As we all know, this would have caused commercial and business property owners to increase rents on their residential and business tenants – which would have, in no time at all, forced store merchants and the like to raise prices on all goods and services, to keep up with their higher rent. Moreover, this would most likely have been the beginning of the final unraveling of the 1978 Proposition 13 tax relief package. The door to worse things to come, so to speak, would have been opened, had it passed… and the keepers of the anti property tax relief community would have marched through.  However, it did not pass.

However, property owners should first study up on the property tax breaks protected by Prop 13 and Proposition 58.  Every property owner and heir or beneficiary inheriting property from parents should be fully aware what is involved with the process that trust beneficiaries and probate heirs have access to, working with a trust lender, through a trust loan working in tandem with Proposition 19, to buyout shares of property inherited by co-beneficiaries; plus establishing a low property tax base, in line with Proposition 13 tax breaks – frequently referred to as a beneficiary buyout of sibling property shares, or as realtors call it, “the transfer of property between siblings”, and “sibling-to-sibling property transfer”.

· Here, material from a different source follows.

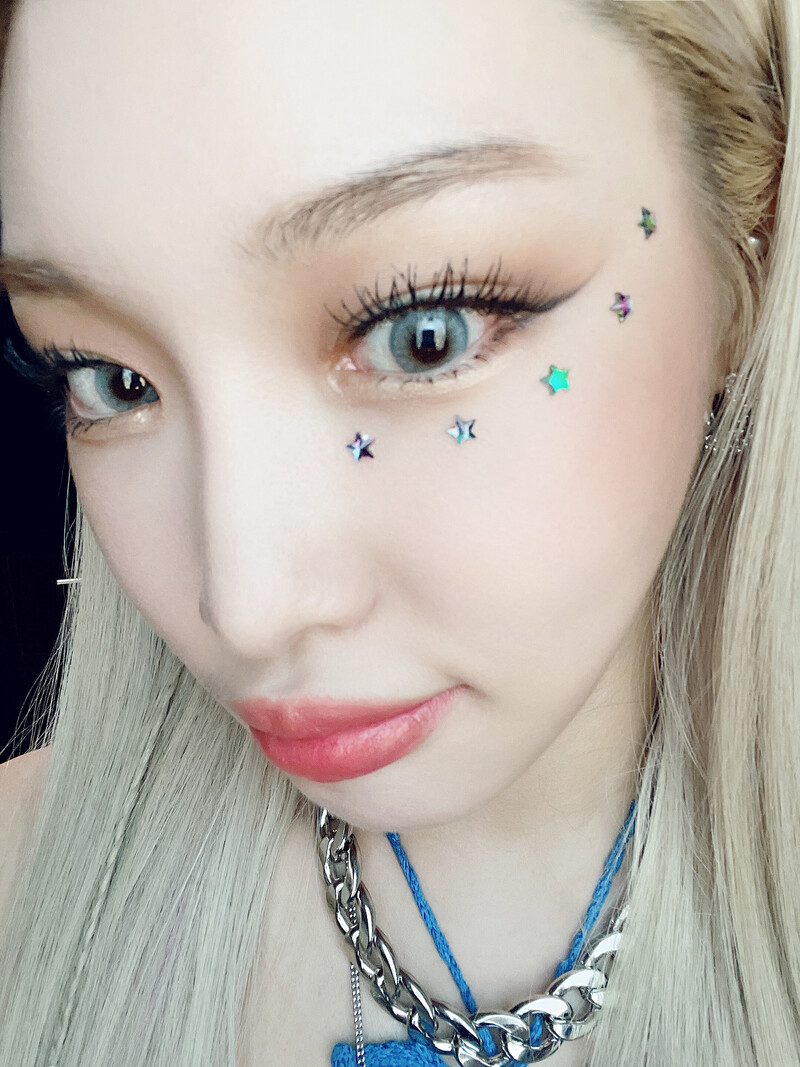 220826 Chungha Twitter Update documents 7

Every homeowner in the United States should know how to buy out beneficiaries’ shares of inherited property; and how a sibling-to-sibling property transfer works; how a loan to an irrevocable trust can help co-beneficiaries get more cash and pay lower taxes than if they were selling their shares of an inherited home to an outside buyer. Everyone who is inheriting property should be familiar with sibling-to-sibling property transfer and how to transfer parents property taxes when inheriting a home, while inheriting property taxes…understanding why the ability to keep parents property taxes, and the right to a property tax transfer under all circumstances, is so crucial to property tax relief in California – namely parent to child transfer and the parent to child exclusion tax break in particular, that must be protected and preserved for the overall good of middle class California.

Only then will beneficiaries and new homeowners fully understand how to keep yearly taxes on property they now own at the low base rate their parents paid, saving thousands of dollars every year, decade after decade.  For those who don’t fully believe all this… they can read up on the facts, at the official Website managed by the CA State Board of Equalization, at or research informative blogs and sites that specialize in property tax relief, in property tax breaks for middle class homeowners – as opposed to the usual tax cuts for millionaires and billionaires.

With some in-depth knowledge of these money-saving tax relief solutions, it’s possible to get the best out of a tax attorney or CPA, property tax consultant and/or tax reduction company, as mentioned above.